Indulgent White Chocolate Raspberry Cheesecake (Printable)

Rich and creamy white chocolate cheesecake with tangy raspberry swirls and buttery graham crust.

# What You'll Need:

→ Crust

01 - 1 1/2 cups graham cracker crumbs
02 - 1/4 cup granulated sugar
03 - 6 tablespoons melted butter

→ Raspberry Filling

04 - 1 cup fresh or frozen raspberries
05 - 2 tablespoons granulated sugar
06 - 1 teaspoon lemon juice

→ Cheesecake Batter

07 - 12 ounces white chocolate, chopped
08 - 24 ounces cream cheese, softened
09 - 1 cup granulated sugar
10 - 3 large eggs
11 - 1 teaspoon vanilla extract
12 - 1 cup sour cream
13 - 1/4 cup heavy cream

→ Garnish

14 - Extra raspberry sauce or fresh berries for serving

# Directions:

01 - Preheat oven to 325°F. Grease a 9-inch springform pan and line the base with parchment paper.
02 - Combine graham cracker crumbs, 1/4 cup sugar, and melted butter in a mixing bowl. Press firmly into the bottom of the prepared pan. Bake for 8 minutes, then remove from oven and let cool completely.
03 - Combine raspberries, 2 tablespoons sugar, and lemon juice in a small saucepan. Cook over medium heat for 5 to 7 minutes until thickened, stirring frequently. Strain to remove seeds if desired. Set aside to cool.
04 - Melt white chocolate in a heatproof bowl set over a pan of simmering water using a double boiler method, or in the microwave in 20-second intervals, stirring until smooth. Allow to cool slightly.
05 - Beat cream cheese and 1 cup sugar in a large bowl until smooth and creamy. Add eggs one at a time, beating just until combined after each addition. Mix in vanilla extract, sour cream, and heavy cream until smooth. Fold in the cooled melted white chocolate gently.
06 - Pour half of the cheesecake batter over the cooled crust. Dollop half of the raspberry sauce over the batter and swirl gently with a knife. Pour remaining batter on top, then add remaining raspberry sauce and swirl again.
07 - Wrap the outside of the springform pan in two layers of foil to prevent water leaks.
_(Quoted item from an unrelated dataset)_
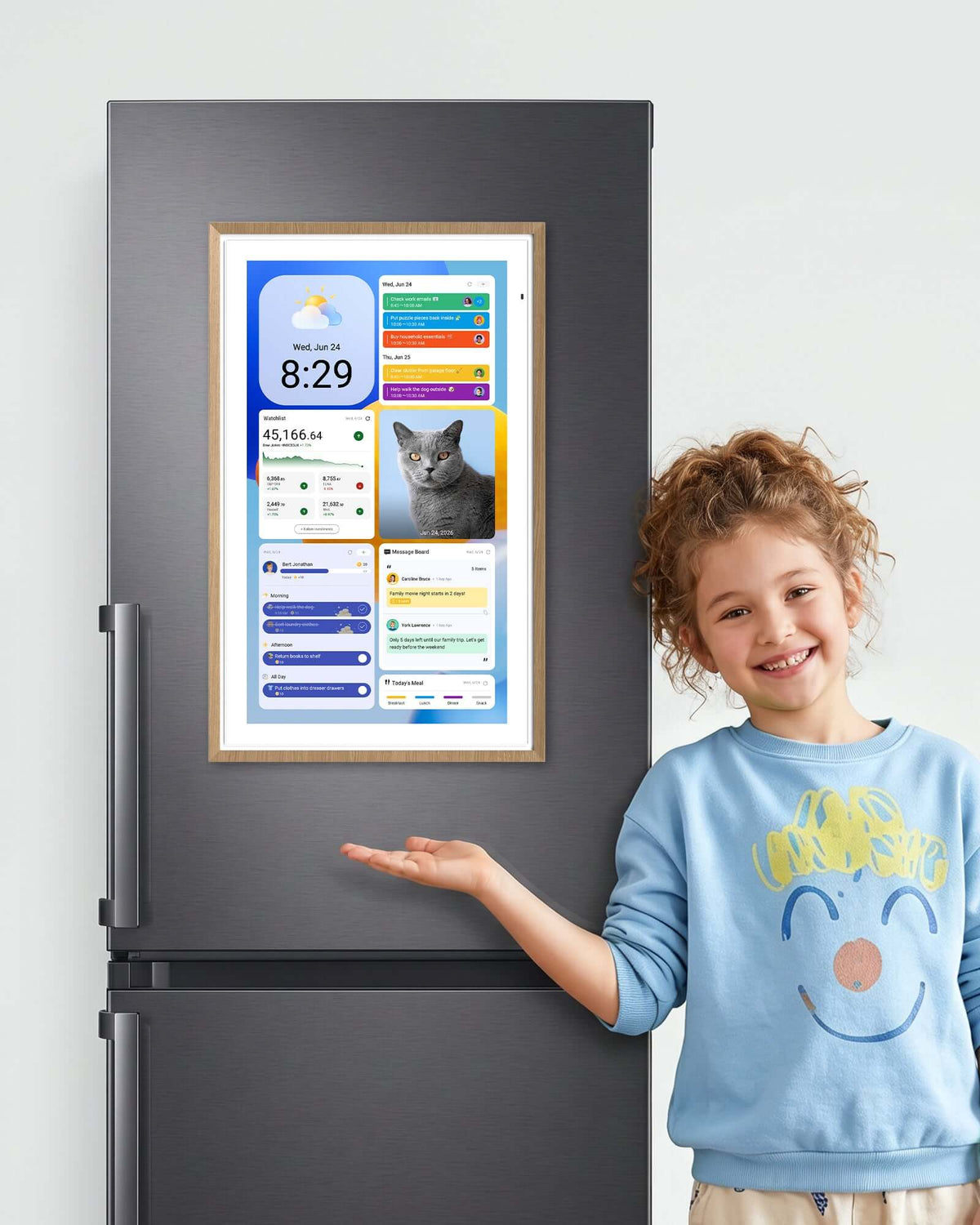 Young girl presenting a digital calendar mounted on a refrigerator using the Magnetic Mount.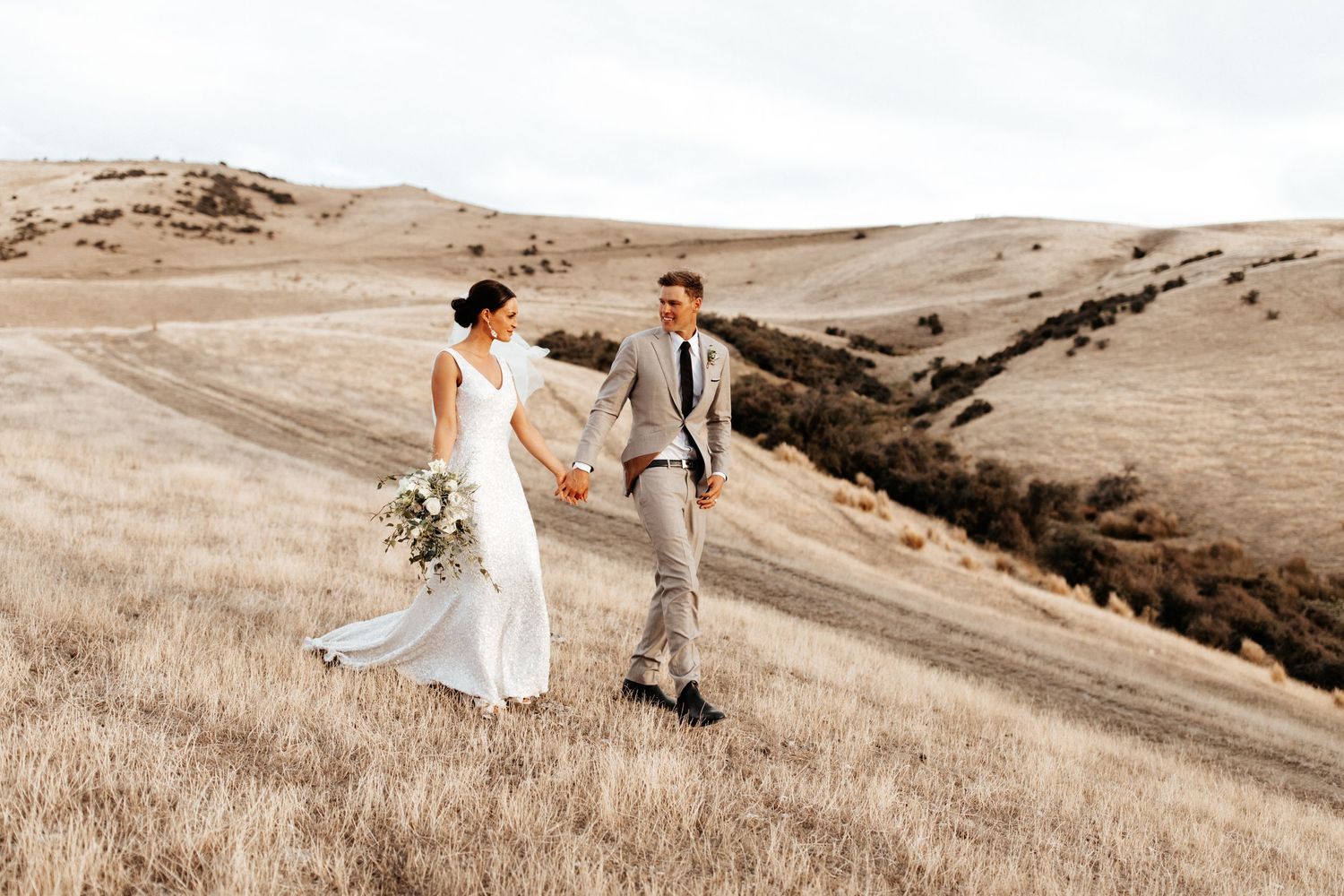 Newlyweds share a moment on a hilltop overlooking rolling pastoral landscape.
Place the pan in a larger roasting pan and pour hot water to reach halfway up the sides of the springform pan.
08 - Bake for 60 to 70 minutes, until edges are set and center is slightly wobbly when gently shaken.
09 - Turn off oven and crack the oven door open. Let cheesecake cool inside the oven for 1 hour. Remove from water bath carefully.
10 - Refrigerate for at least 4 hours or overnight. Before serving, remove from the springform pan. Top with extra raspberry sauce or fresh berries. Slice with a knife dipped in hot water, wiping between cuts for clean slices.

# Expert Advice:

01 -
  • The white chocolate adds a mellow, buttery sweetness that balances the bright raspberry swirl perfectly.
  • It looks like you hired a pastry chef, but the process is more forgiving than you'd think.
  • Every slice reveals those beautiful raspberry ribbons, making it as stunning as it is delicious.
  • It holds up beautifully in the fridge, so you can make it a day ahead and enjoy the party stress free.
02 -
  • Room temperature cream cheese is non negotiable, cold blocks will leave you with lumps no matter how long you beat them.
  • The water bath isn't optional if you want a crack free top, and wrapping the pan in foil keeps water from seeping in.
  • Don't skip the cooling step in the oven, rushing it invites cracks and a sunken center.
  • Fresh raspberries can be sweeter than frozen, so taste your sauce and adjust the sugar to your liking.
03 -
  • Run your knife under hot water and wipe it clean between every slice for those perfect, professional looking cuts.
  • If the top does crack, don't panic, a generous topping of raspberry sauce or fresh berries will hide it completely.
  • Let the cream cheese sit out for at least an hour before you start, it makes all the difference in achieving that silky, lump free batter.
  • Use good quality white chocolate, the cheap stuff can seize or taste waxy and throw off the whole dessert.